On Budget-Feasible Mechanism Design for Symmetric Submodular Objectives

We study a class of procurement auctions with a budget constraint, where an auctioneer is interested in buying resources or services from a set of agents. Ideally, the auctioneer would like to select a subset of the resources so as to maximize his valuation function, without exceeding a given budget. As the resources are owned by strategic agents however, our overall goal is to design mechanisms that are truthful, budget-feasible, and obtain a good approximation to the optimal value. Budget-feasibility creates additional challenges, making several approaches inapplicable in this setting. Previous results on budget-feasible mechanisms have considered mostly monotone valuation functions.

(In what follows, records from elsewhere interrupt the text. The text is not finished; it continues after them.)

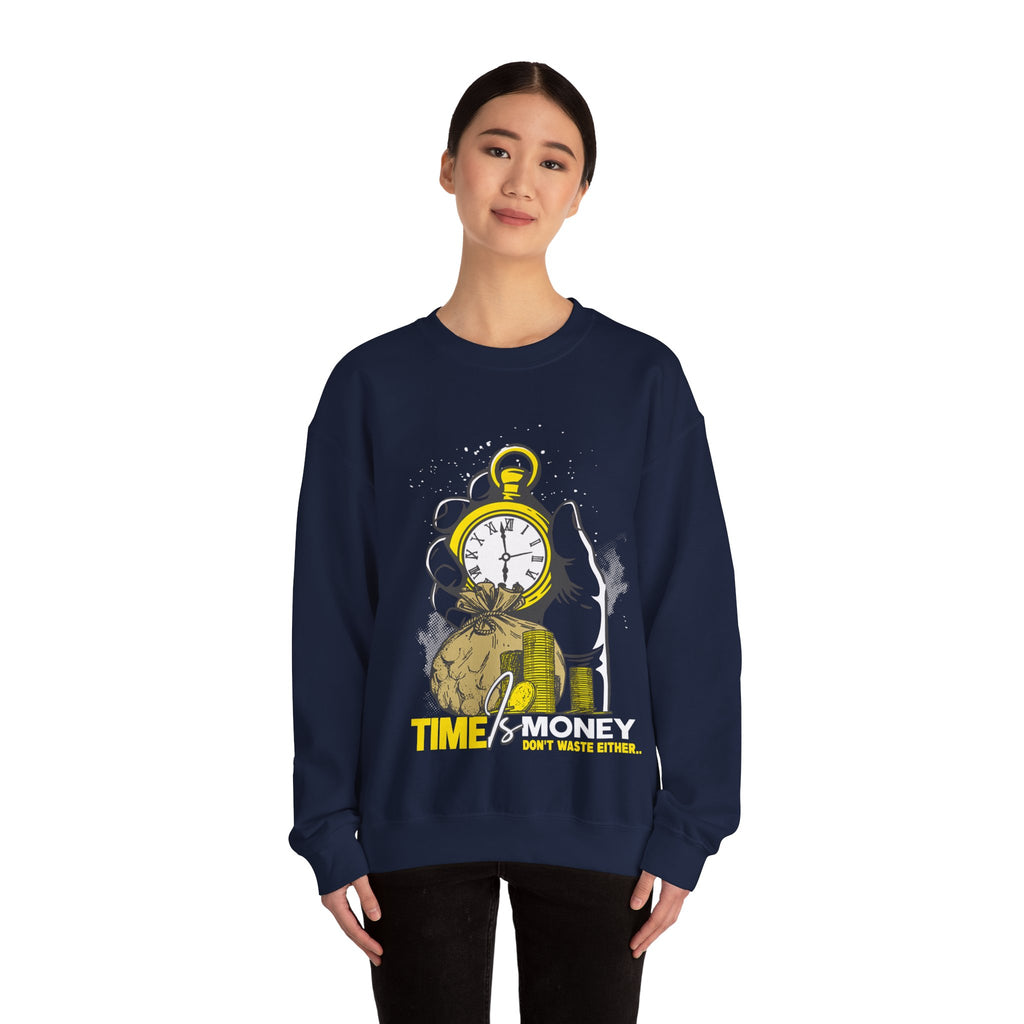 "Time Is Money" Graphic Pocket Watch & Coins Crewneck Sweatshirt -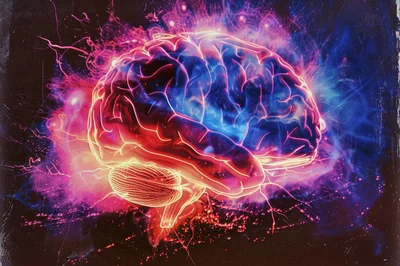 Glowing Human Brain Digital Art Illustration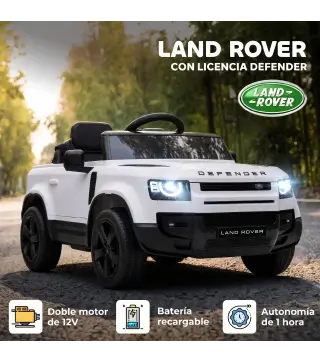 Coche Eléctrico SUV para Niños Land Rover Defender 12 V Mando a Distancia Suspensión Arranque Suave 2,7-4,5 km/h Blanco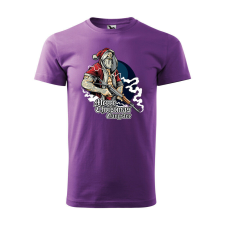 Póló Merry Christmas gangster mintával - Lila XXXL méretben ajándéktárgy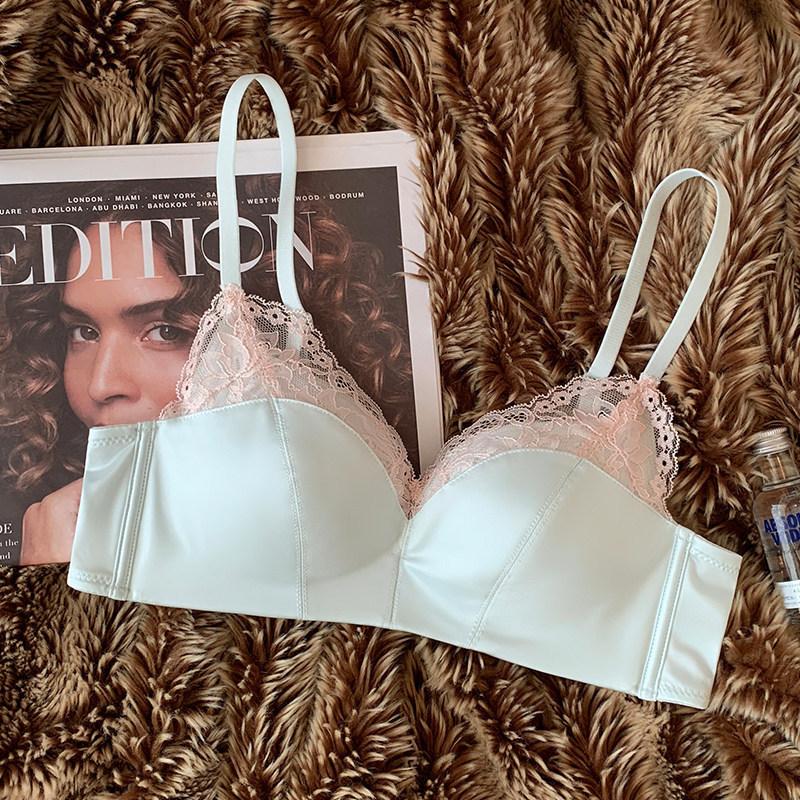 Small breasts gather underwear women's soft and comfortable pure lace bra no steel ring anti-sagging breast bra set
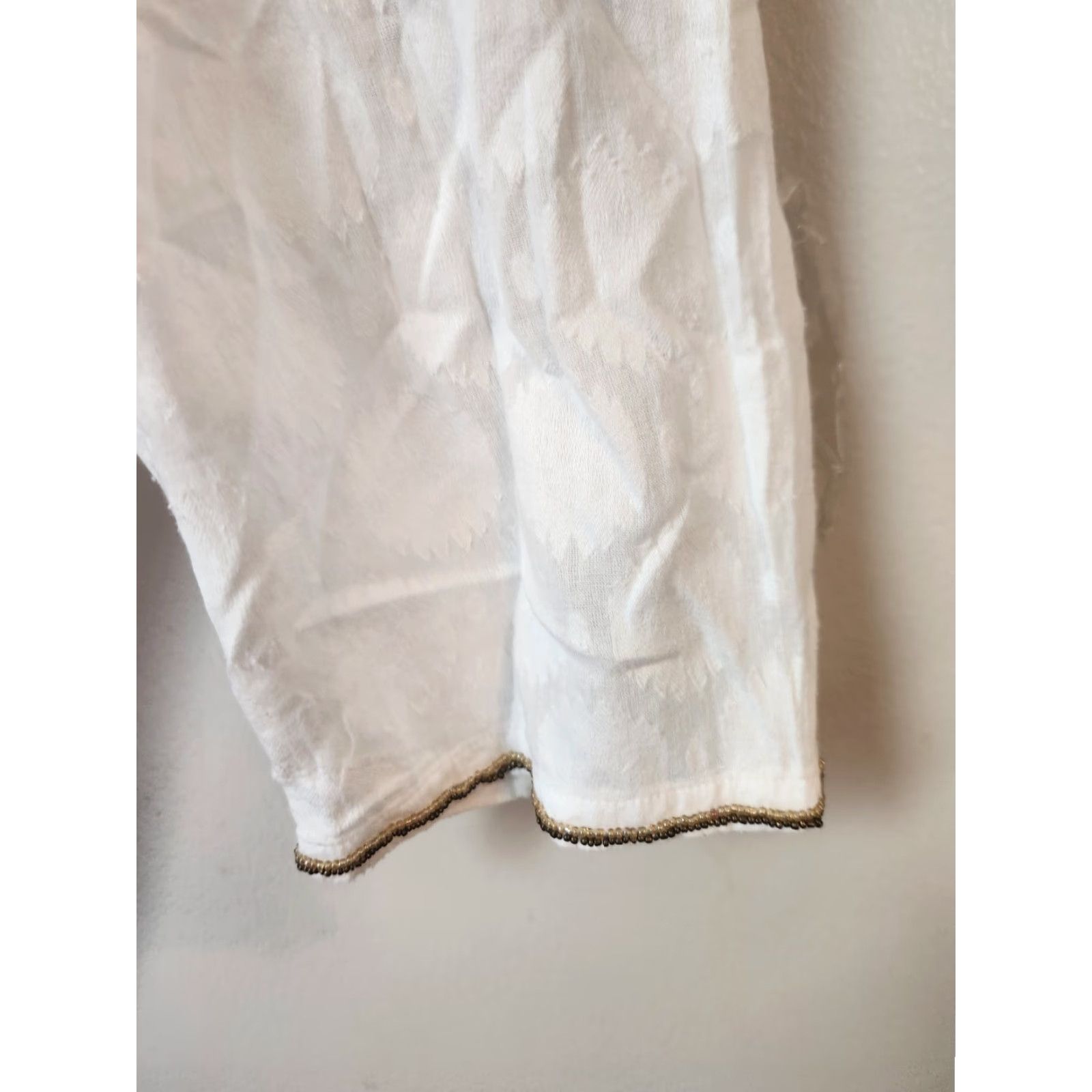 Charter Club Charter Club Blouse Tunic Top 0X White Beaded Detailed V-Neck 3/4 Sleeve Women Mathched Size XL / US 12-14 / IT 48-50 - 4 Thumbnail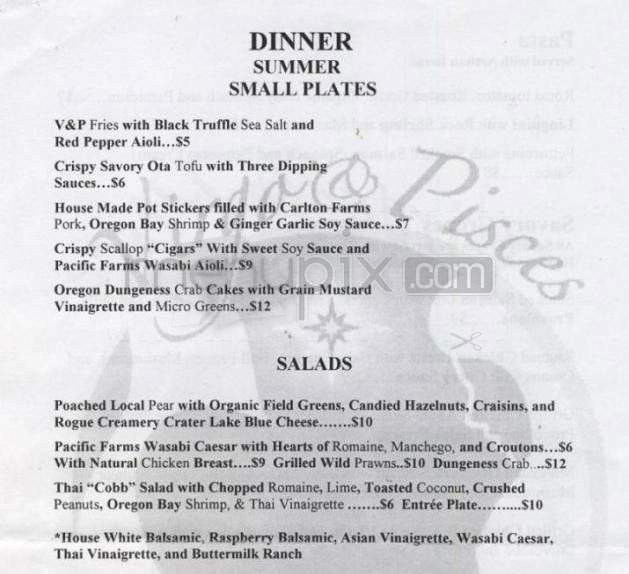 Virgo & Pisces - Portland, OR menu_pic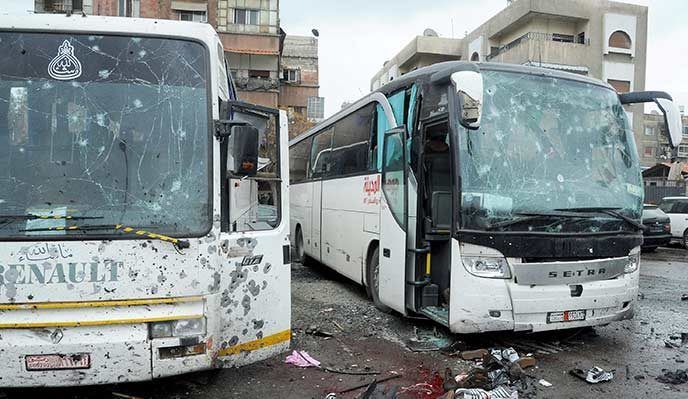 Matan a 40 peregrinos en doble ataque en Siria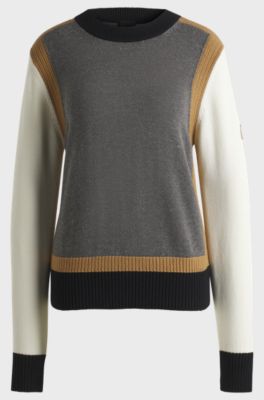 Equestrian regular-fit sweater with colour-blocking, Silver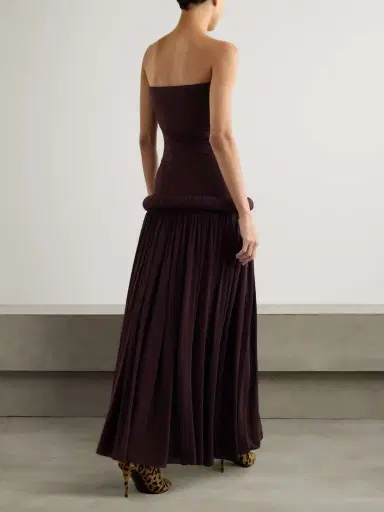 Alaïa Strapless Pleated Stretch-jersey Midi Dress | Thumbnail 3 Alaïa Strapless Pleated Stretch-jersey Midi Dress | Thumbnail 3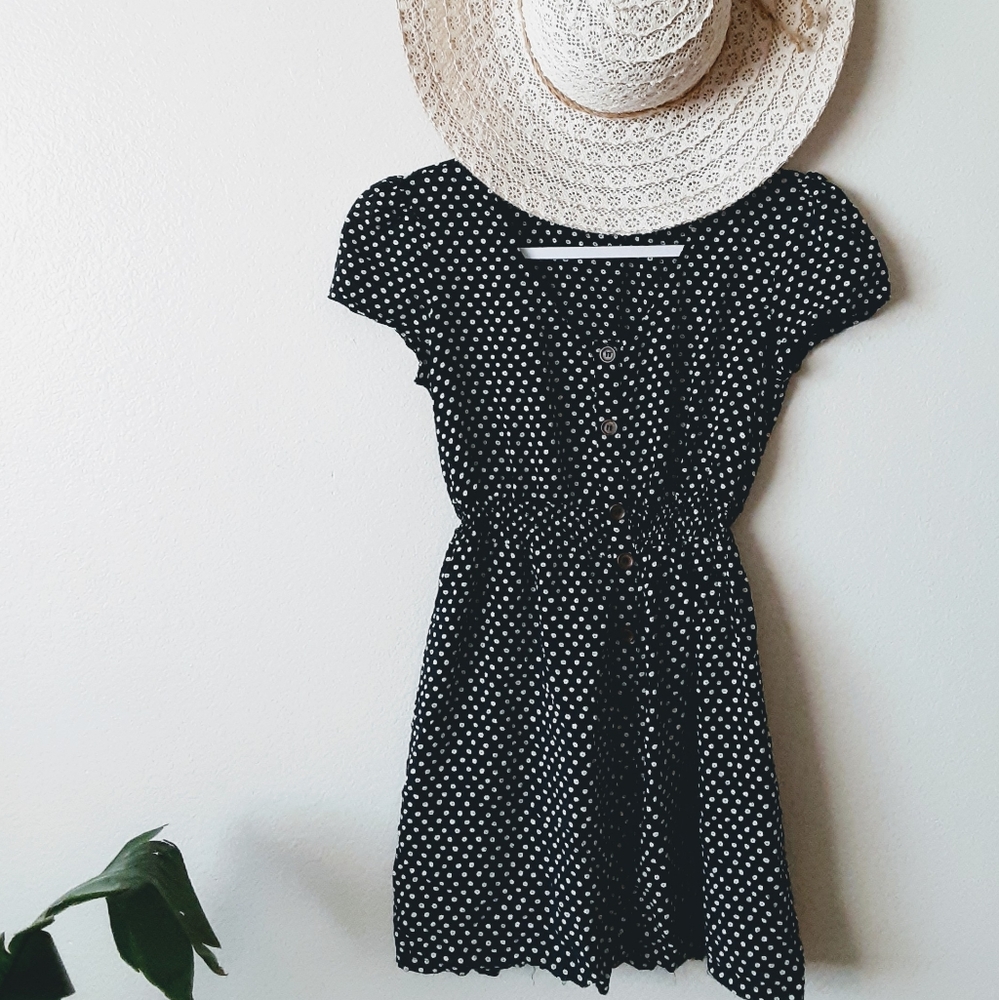 Adorable navy blue polka dot Forever 21 dress.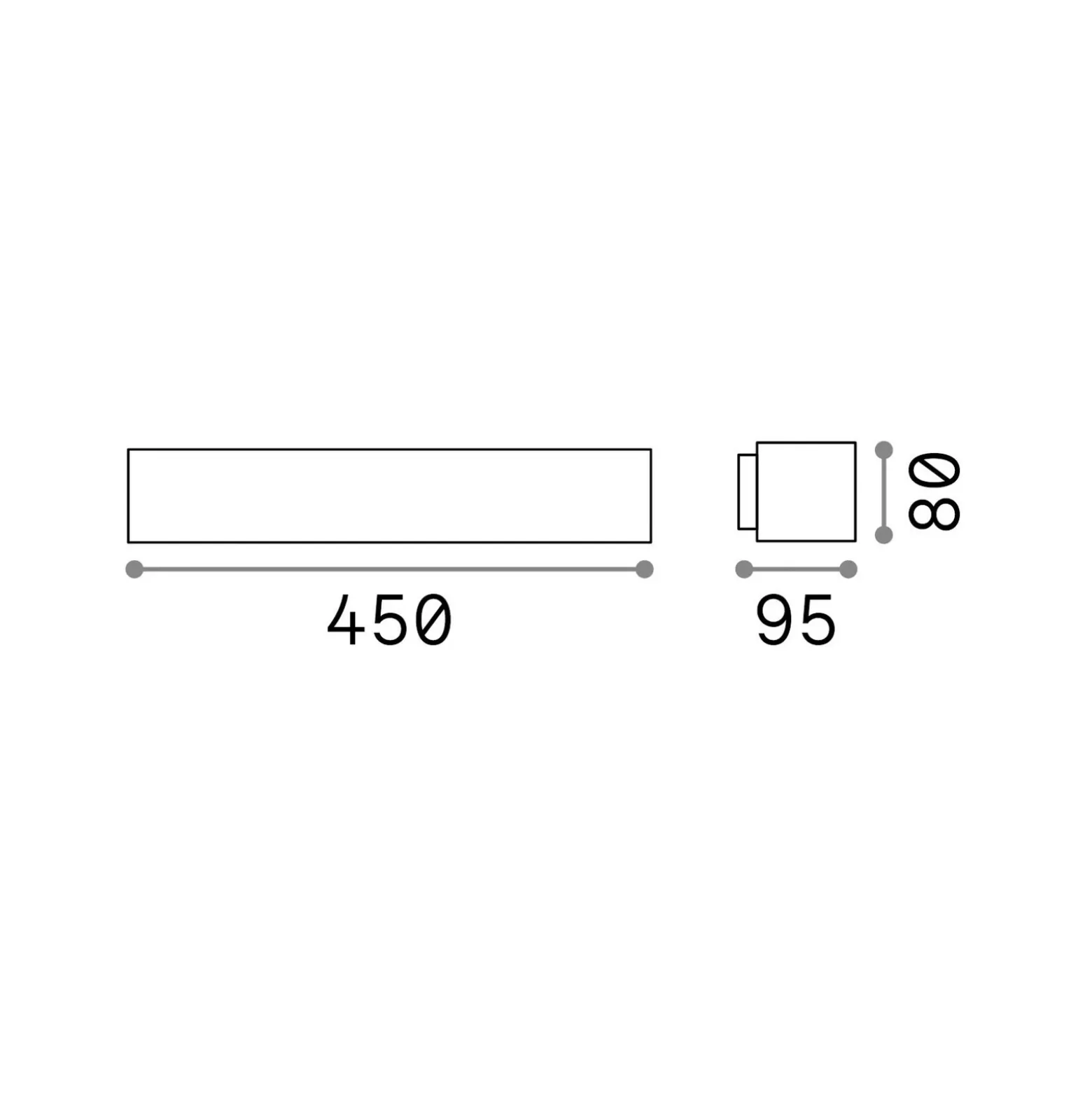 Ideal Lux Aplique para exterior Andromeda, antracita, ancho 45 cm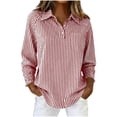 thumbnail image 2 of Ashirexll Short Sleeve Shirts for Women, Womens Summer Tops, Striped Button 3/4 Sleeve Classic Fashion Collar Office Blouse, 2 of 7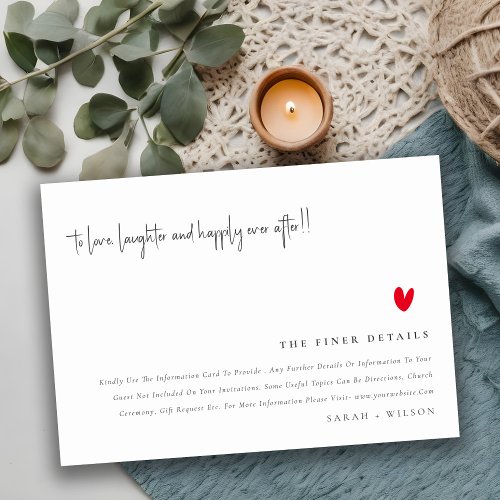 Simple Minimal Red Heart Script Wedding Details Enclosure Card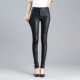 New leather pants with versatile high waist matte matte scrub
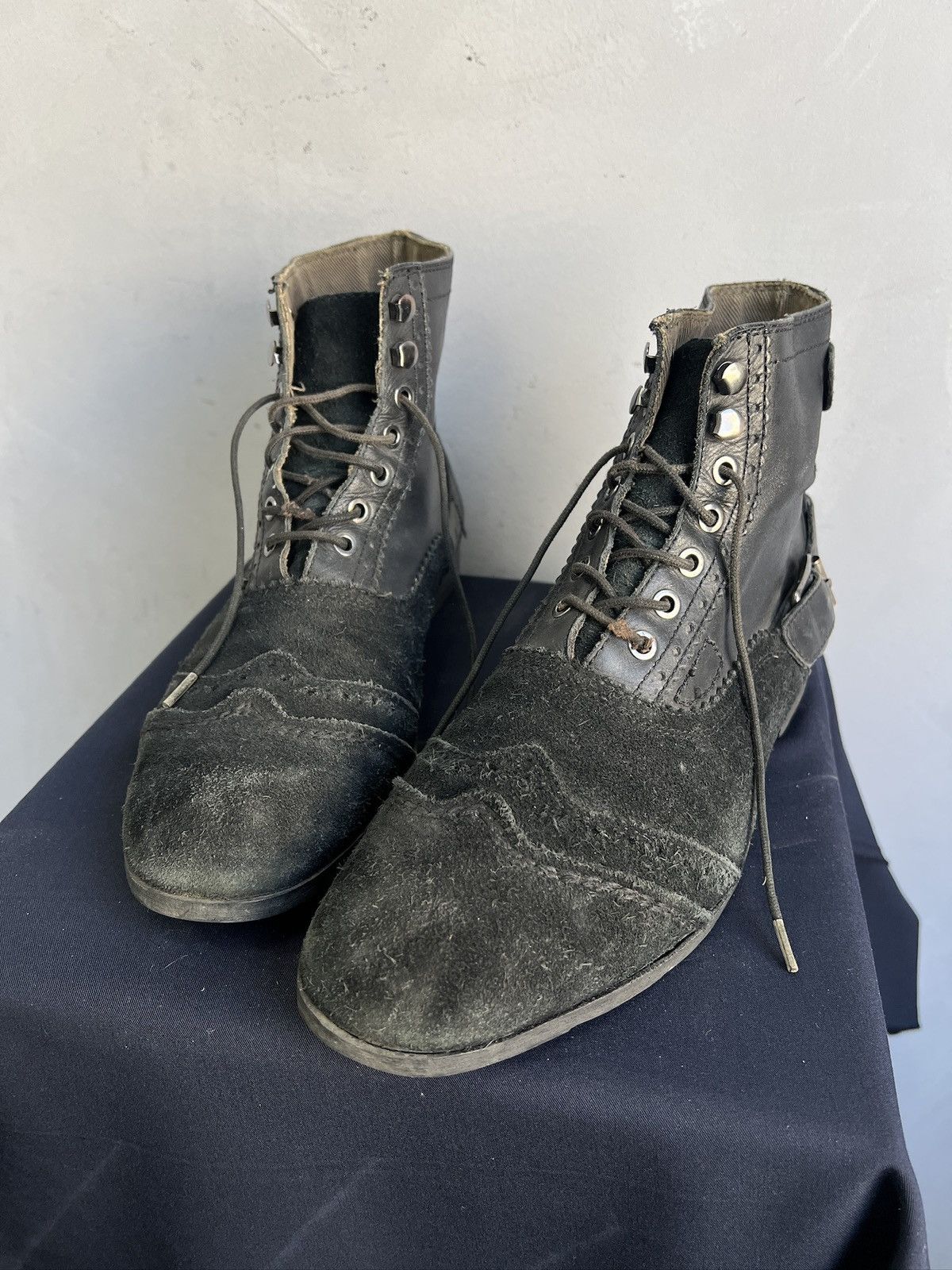 Replay Avant Garde y2k Hedi slimane style leather boots 90s archive Size US 10 / EU 43 - 5 Thumbnail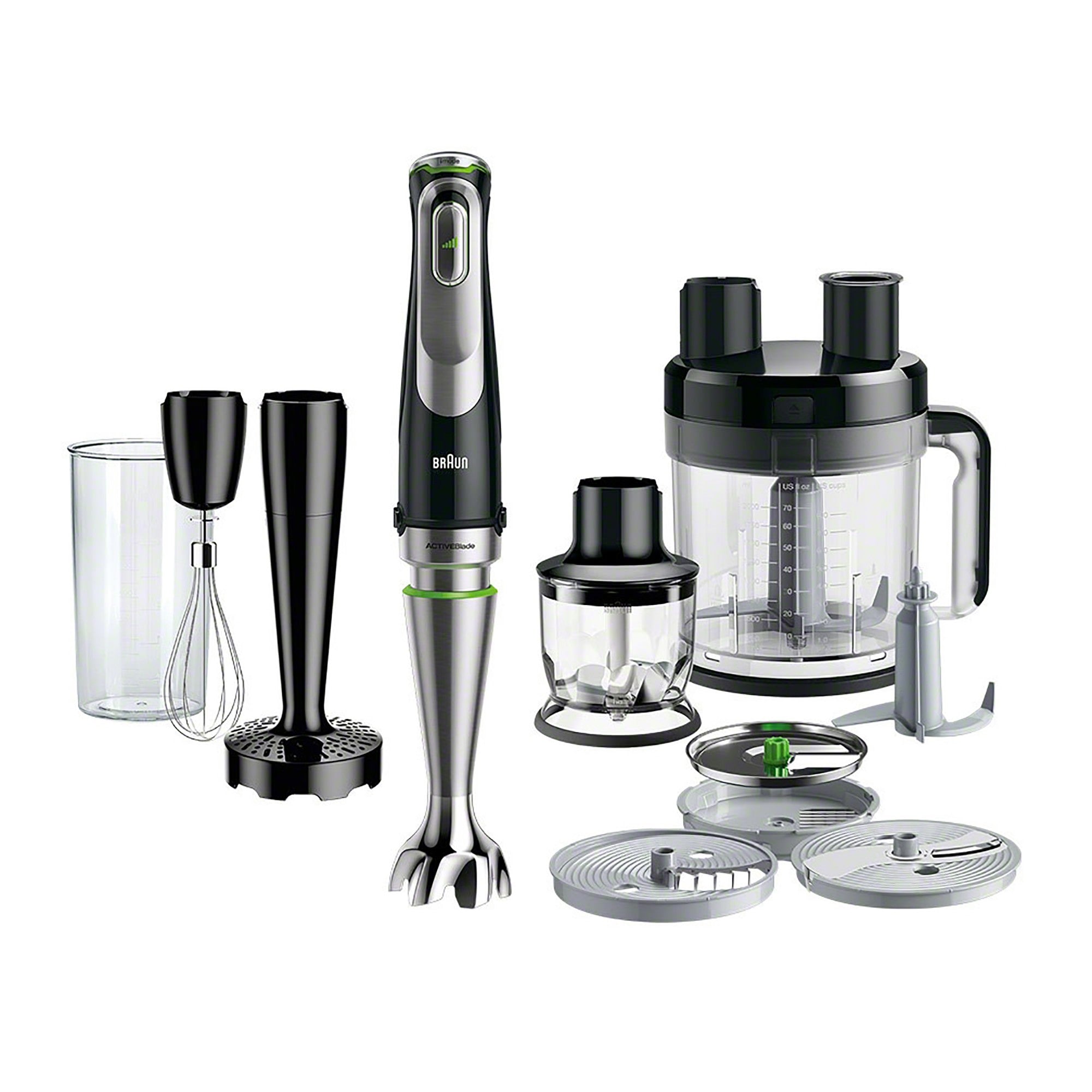 Hand blender set with stainless-steel and black motor, whisk, and chopper attachments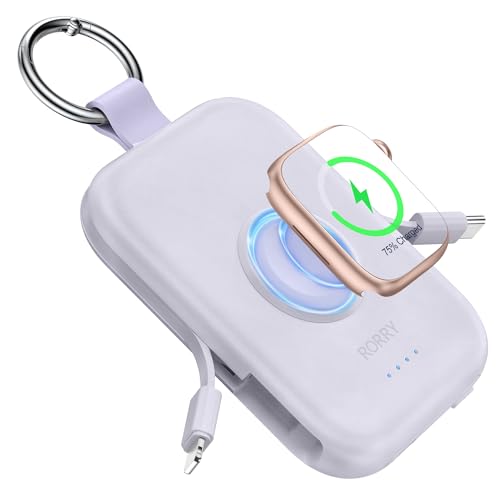 RORRY Portable Charger, 5000mAh Portable Charger Power Bank with Built-in Cables, Travel Keychain Battery Pack for Apple Watch Ultra/11/10/9/8/7/6/SE, iPhone Air/17/16/15/14/13/12, Purple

In this work, we mainly focus on symmetric submodular valuations, a prominent class of non-monotone submodular functions that includes cut functions. We begin first with a purely algorithmic result, obtaining a 2e/e-1-approximation for maximizing symmetric submodular functions under a budget constraint. We view this as a standalone result of independent interest, as it is the best known factor achieved by a deterministic algorithm. We then proceed to propose truthful, budget feasible mechanisms (both deterministic and randomized), paying particular attention on the Budgeted Max Cut problem. Our results significantly improve the known approximation ratios for these objectives, while establishing polynomial running time for cases where only exponential mechanisms were known. At the heart of our approach lies an appropriate combination of local search algorithms with results for monotone submodular valuations, applied to the derived local optima.